Recent studies presented at the European Emergency Medicine Congress highlight that physicians and nurses excel over artificial intelligence (AI) when it comes to triaging patients in emergency departments. The research involved comparing the accuracy and efficiency of clinical staff with an AI model, ChatGPT (version 3.5), in classifying the urgency of medical cases based on reports from the PubMed database.

Dr. Renata Jukneviciene, a postdoctoral researcher from Vilnius University, led the study to address ongoing issues with overcrowding and staff workload in emergency settings. The team distributed questionnaires to six doctors and 51 nurses at Vilnius University Hospital Santaros Klinikos, asking them to triage randomly selected cases. These same cases were evaluated by ChatGPT for comparison.
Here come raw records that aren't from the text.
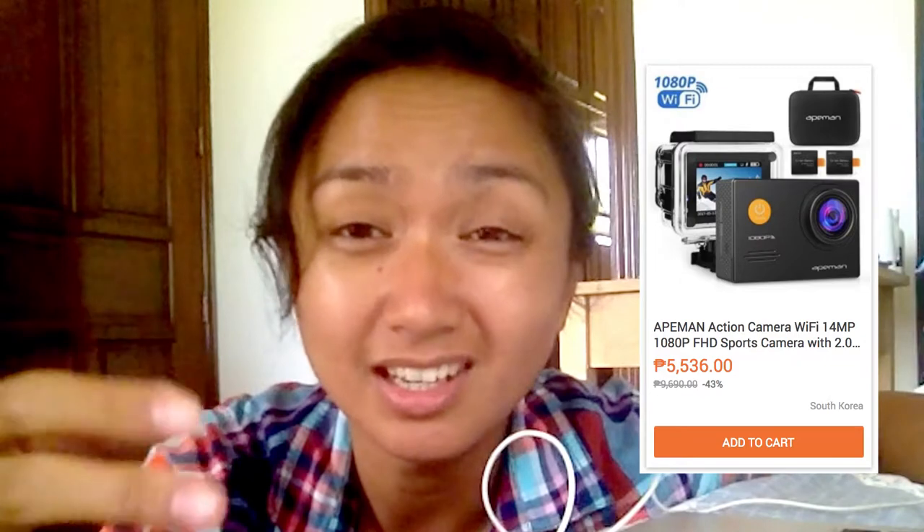Unfortunately, in the Philippines on Lazada.com, the camera goes for about $5,536 pesos, which is way more expensive. If you want an equivalent, that's about $110 USD. I don't know if it's worth it, because there are a bunch of other cameras on Lazada that seem like they have the same specs, so I'm wondering if it's the same camera just branded differently.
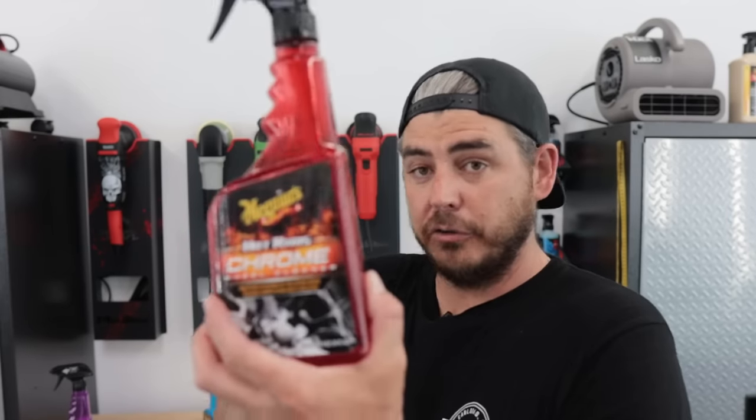Next up is the chrome wheel cleaner — pretty self-explanatory, it's just formulated specifically for chrome finishes. Chrome finishes have gone away somewhat, but they're still out there, and you can get brand new cars with chrome wheels. Then the third one is the wheel and tire cleaner. I like this stuff a lot. I don't use it in my everyday professional business just because I can't buy it in bulk, but today we're talking about these three because these are the ones readily available for everyone.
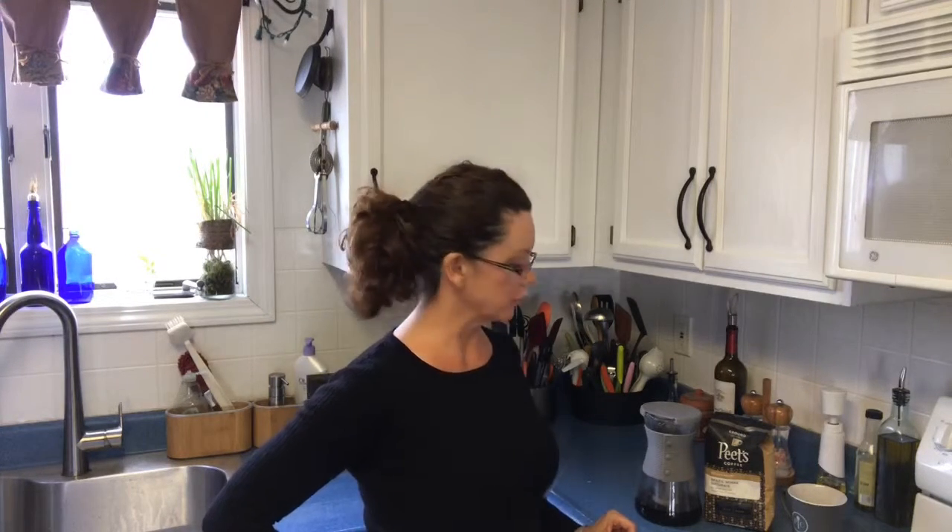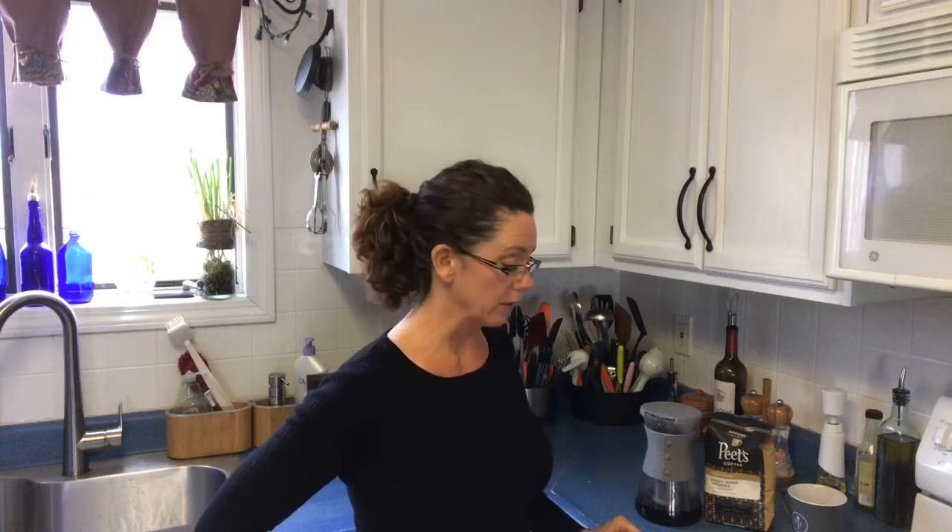Hey everyone, welcome. It's Sue's Cooking and it is the afternoon and I am going to make some cold brew coffee. I thought I would go live and tell you all about my cold brew coffee maker.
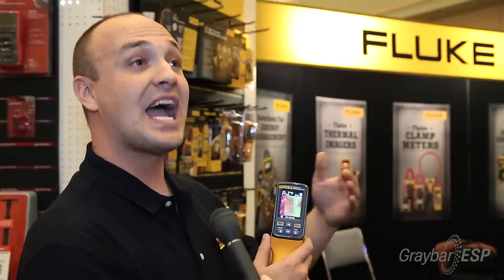Not only does it give you great images, but it takes a temperature measurement. The VT04 is also great because it has a few alarm options that allow you to do time-lapse picture taking so you can do some unattended monitoring. It also allows you to set a high or low threshold so that if you scan an area that breaches a particular threshold, the screen will flash at you and let you know that you have an issue.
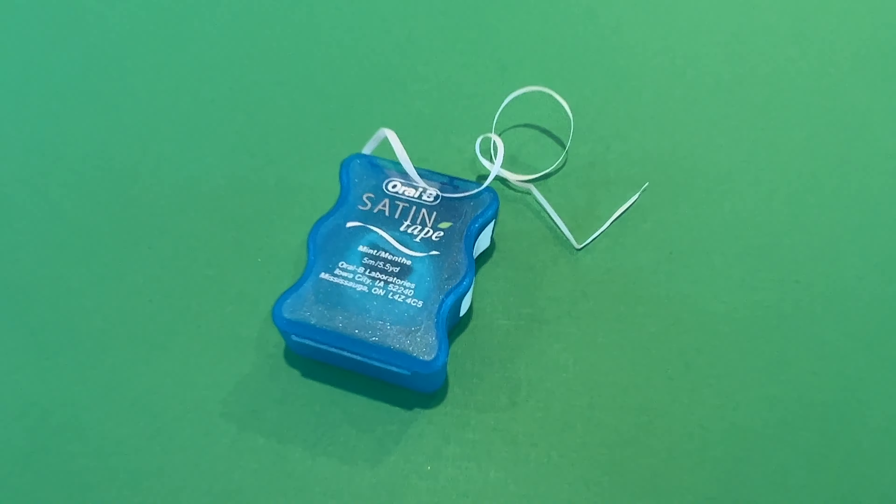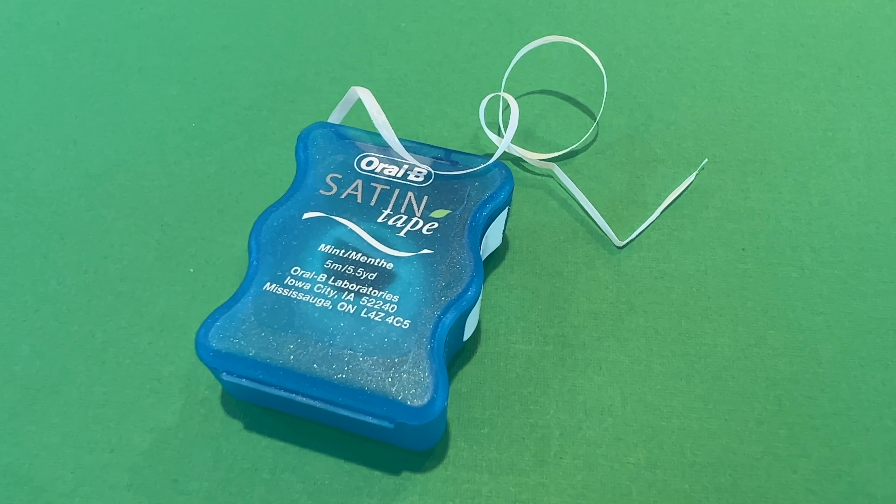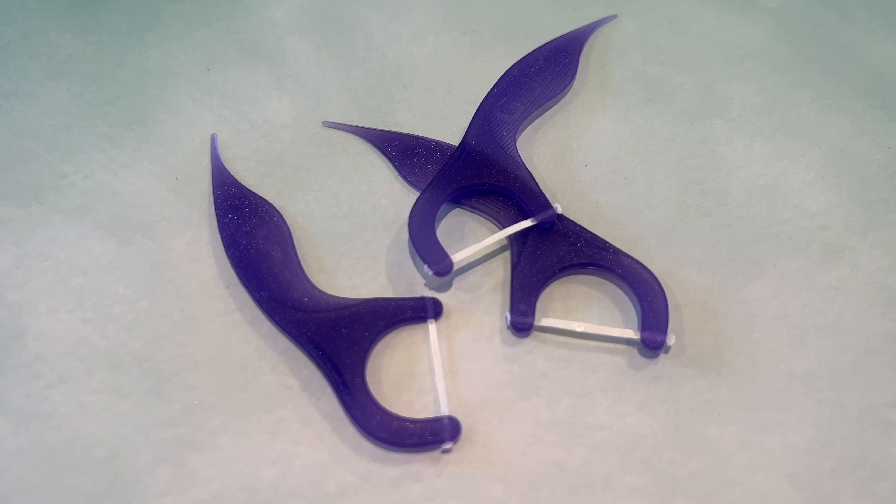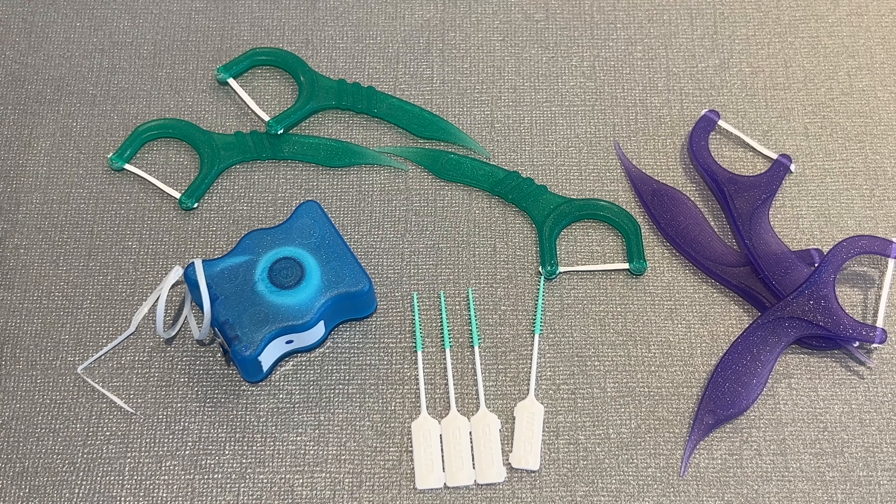Floss is a torture device. Sharp little ropes for your teeth with a minty sting. Or how about those scary looking picks or sticks? No wonder we all hate flossing.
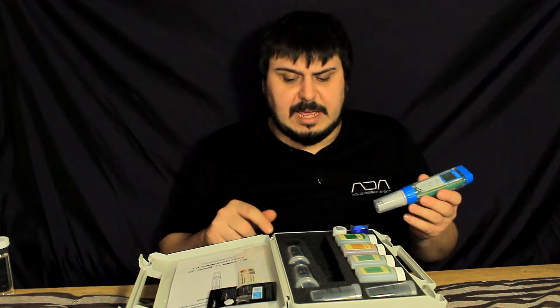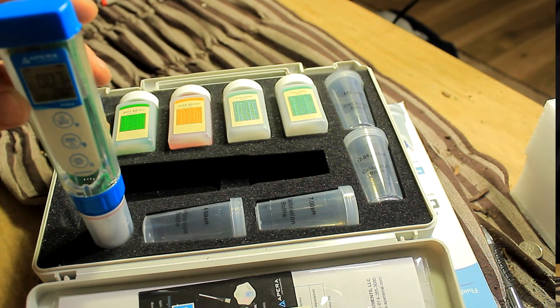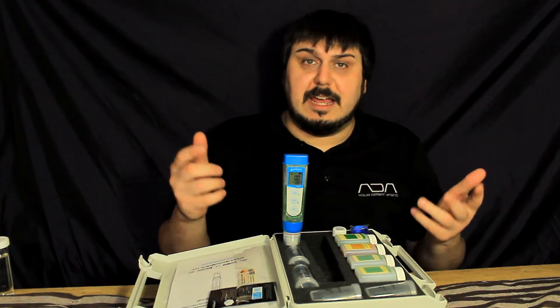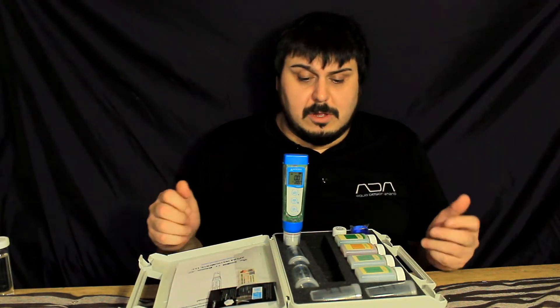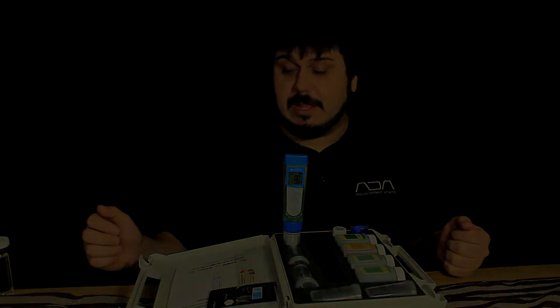Another cool thing they put on the case itself is a small hole to hold your pen so it's not going to fall over and you can get an accurate reading. Something really simple that they thought of, and I really appreciate that.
The findings revealed that AI generally underperformed relative to human clinicians, achieving an overall accuracy of 50.4%, whereas nurses scored 65.5%, and doctors 70.6%. Sensitivity, which measures the AI’s ability to identify genuinely urgent cases, was notably lower at 58.3%, compared to 73.8% for nurses and 83.0% for doctors.

Interestingly, AI showed higher performance in identifying the most critical cases—those requiring immediate intervention—outperforming nurses in accuracy (27.3% vs. 9.3%) and specificity (27.8% vs. 8.3%). This suggests that AI tends to over-triage, erring on the side of caution by flagging more patients as critical, which could both protect patient safety and lead to unnecessary resource use.

In terms of surgical and therapeutic cases, human clinicians still outshined AI. Doctors scored 68.4% reliability in surgical case triage, while nurses scored 63%. AI lagged behind at 39.5%. Conversely, in cases involving medications or non-invasive therapies, AI performed slightly better than nurses.

Dr. Jukneviciene emphasized that AI should not replace trained medical staff but could serve as a supplementary tool—particularly useful in supporting less experienced staff and improving prioritization during critical situations. She cautioned that over-reliance on AI might cause inefficiencies and stressed the importance of human oversight.

The researchers plan further studies with more advanced AI models, larger participant groups, and additional features like ECG interpretation to enhance AI’s role in emergency medicine. Limitations noted include the small sample size, single-center setting, and the offline nature of AI analysis, which did not allow real-time application or interaction with patient vital signs.

Experts agree that while AI holds promise for areas like imaging and support, it cannot fully replace the nuanced judgment of medical professionals. Proper integration and ongoing testing are essential to harness AI’s benefits without compromising patient safety.